Therefore, this thing cannot work and it will not be sustainable. We need to stop right now, figure out how to get into the competitive game out there ourselves with the bottom-up, demand pull, global market capitalism that is driving the developing world and still hold onto our top-down, Supply Side strengths. We can have both. We can enjoy the power of a super-structure of consolidated multinational industries, massive global banks and a strong central government (with all its military hegemony) if we are able to foster a rapidly expanding practice of small business capitalism under that umbrella so that we start manufacturing more of our own goods and delivering more of our own services better, faster and cheaper than our foreign competitors can. If our own smaller entities need to outsource into low cost markets then let them export this new capitalism into places without strong central governments…where our Supply Side methods cannot work.
Our large corporations are fine in China because they have a strong central government and a ruthless rule of law over there if you are big enough to be respected.
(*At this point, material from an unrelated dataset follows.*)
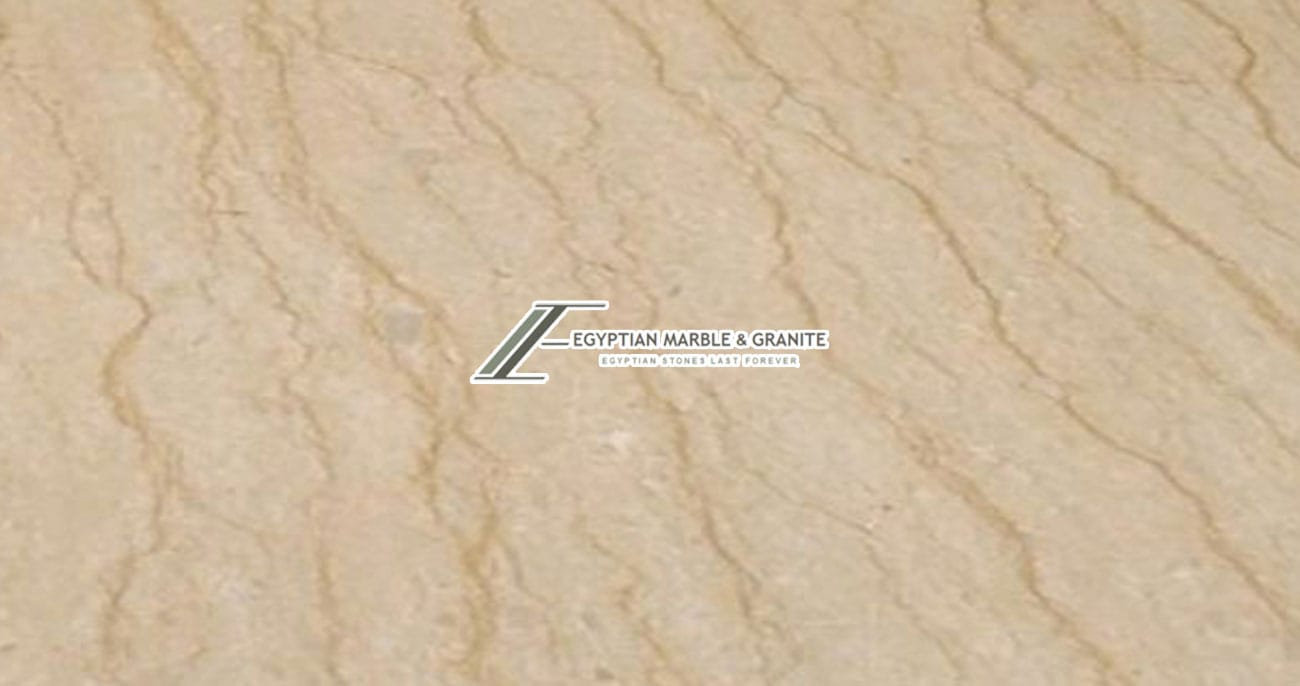 Export Marble and Granite from Egypt: Why 2025 is the Best Year to Choose Premium Stones for Your Projects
But General Motors would have a terrible time in Afghanistan because they would need to deal with the central government and the power of government defaults to the provinces. General Motors would be buying off the wrong people. Just like Uncle Sam has been.
Remember that The Surge in Iraq only started to work when we began to bribe the local politicians and warlords.
Similarly, our American entrepreneurial capitalists must stop being dominated by Supply Side multinationals, abused by our banks and ignored by the government. We need to downsize our economic, social and political entities to be large enough to be effective and competitive yet small enough to be honest and efficient. Those entities should deliver a sustainable 6% expansion in their part of the economy…especially as they cherry pick global opportunities too small for the large players to bother with.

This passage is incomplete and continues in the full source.